PROMPT:
Find the line in the entries below that contains "Blocco note personalizzabile". Repeat it exactly, and every line after it through the line that contains "Load image into".

RECORDS PROVIDED:
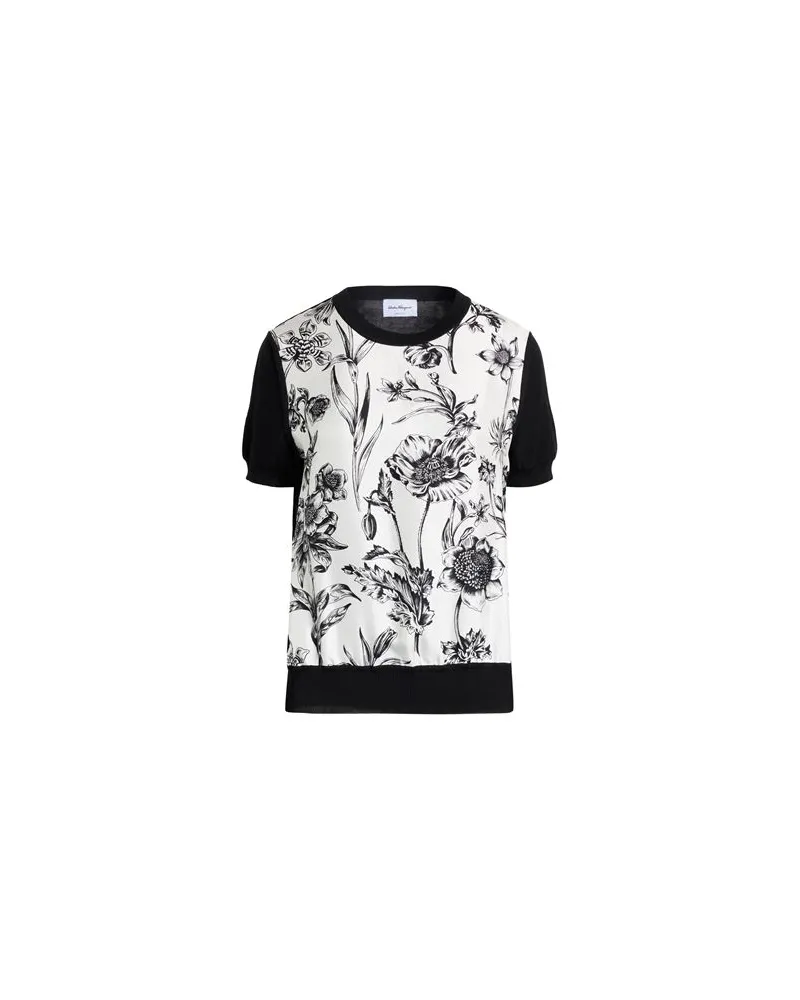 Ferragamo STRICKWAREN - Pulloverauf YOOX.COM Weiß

--

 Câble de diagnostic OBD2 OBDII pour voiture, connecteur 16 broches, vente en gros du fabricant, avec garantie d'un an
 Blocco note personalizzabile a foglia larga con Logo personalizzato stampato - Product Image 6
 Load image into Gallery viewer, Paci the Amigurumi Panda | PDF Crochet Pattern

RESPONSE:
 Blocco note personalizzabile a foglia larga con Logo personalizzato stampato - Product Image 6
 Load image into Gallery viewer, Paci the Amigurumi Panda | PDF Crochet Pattern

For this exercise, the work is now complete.